Data in this exercise Block Start
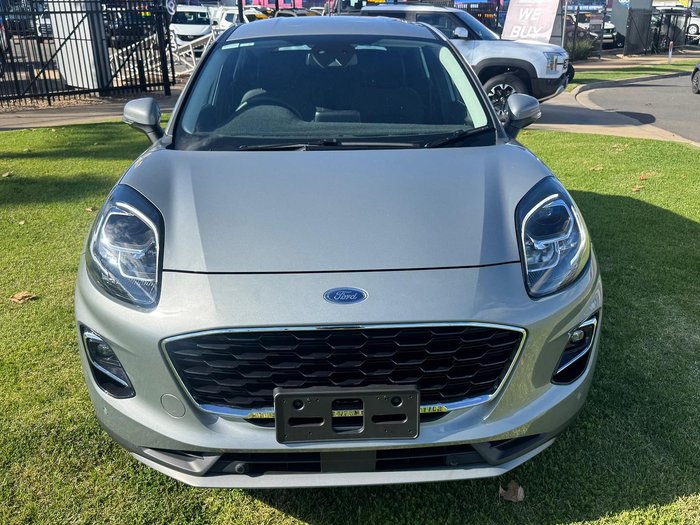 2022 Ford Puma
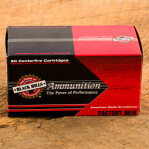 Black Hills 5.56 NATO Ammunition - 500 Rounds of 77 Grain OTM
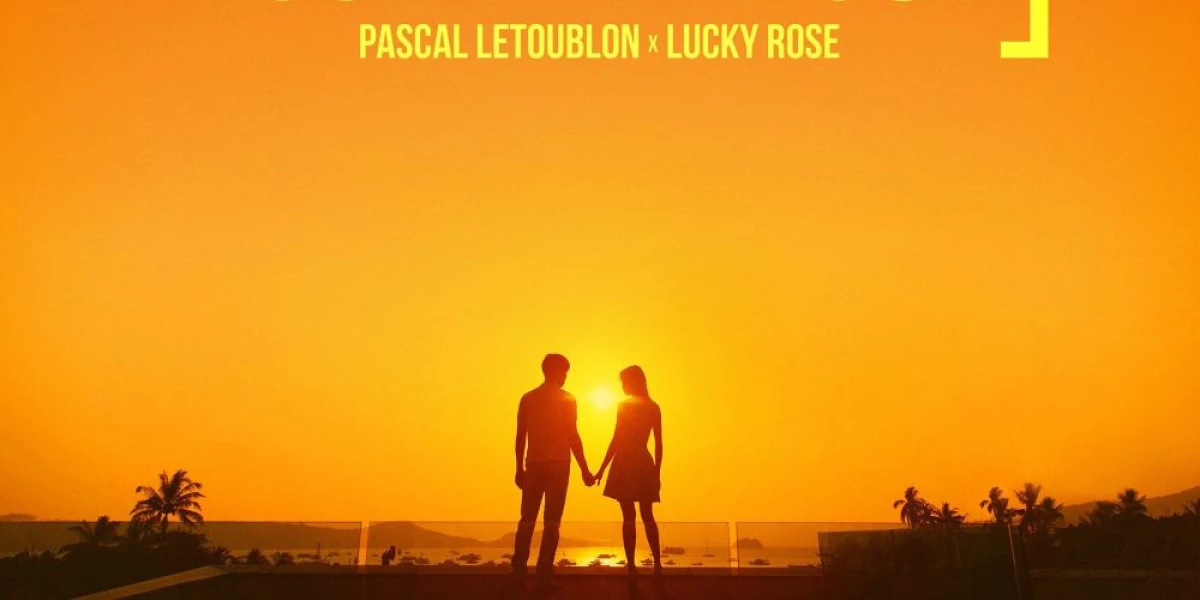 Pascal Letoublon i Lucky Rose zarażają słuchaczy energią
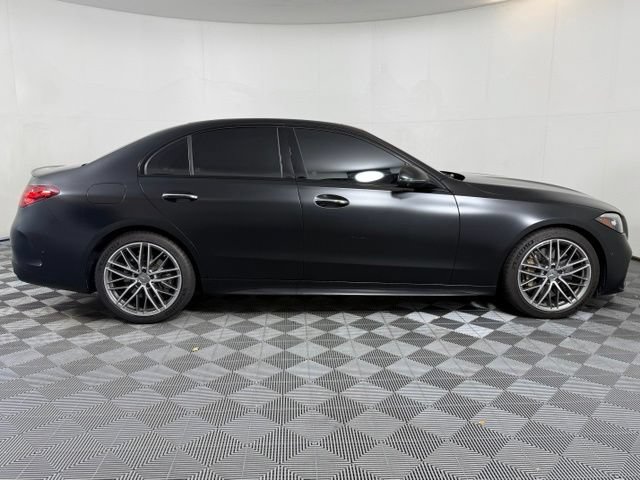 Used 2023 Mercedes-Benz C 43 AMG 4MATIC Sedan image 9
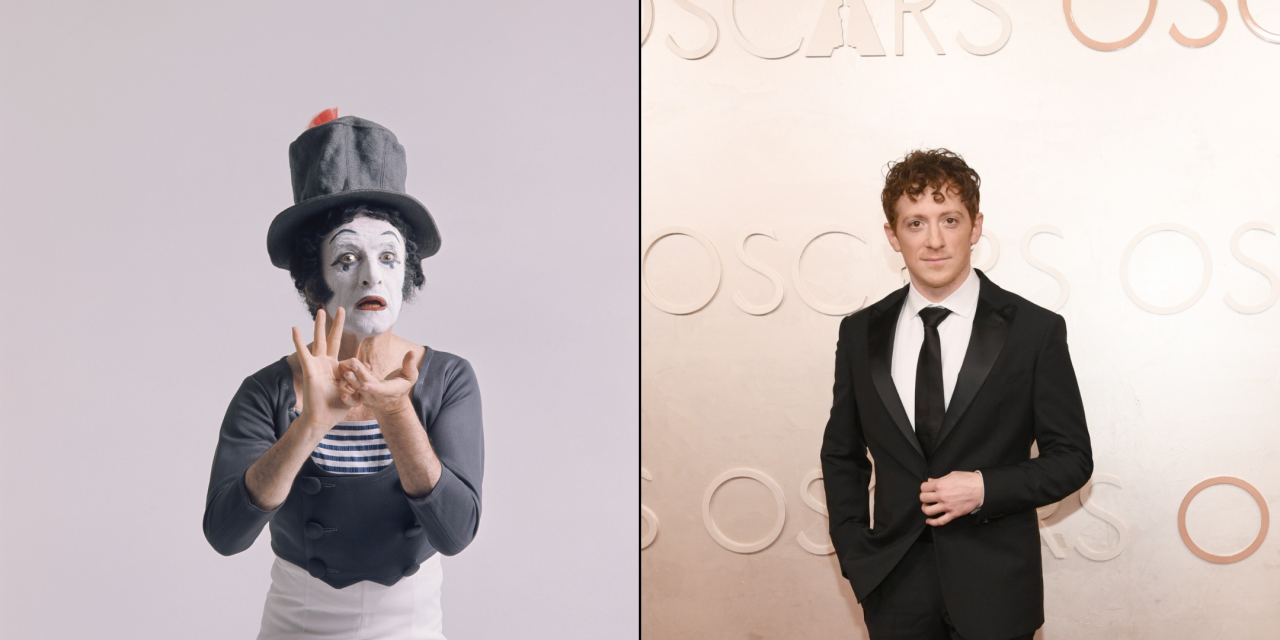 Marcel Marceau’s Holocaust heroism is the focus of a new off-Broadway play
Data in this exercise Block End
» **What you are asked to do**:
With the pictures excluded, transcribe word for word only the lines from the one containing "Used 2023 Mercedes-Benz" through the last line of the records.

» **Answer for this exercise**:
 Used 2023 Mercedes-Benz C 43 AMG 4MATIC Sedan image 9
 Marcel Marceau’s Holocaust heroism is the focus of a new off-Broadway play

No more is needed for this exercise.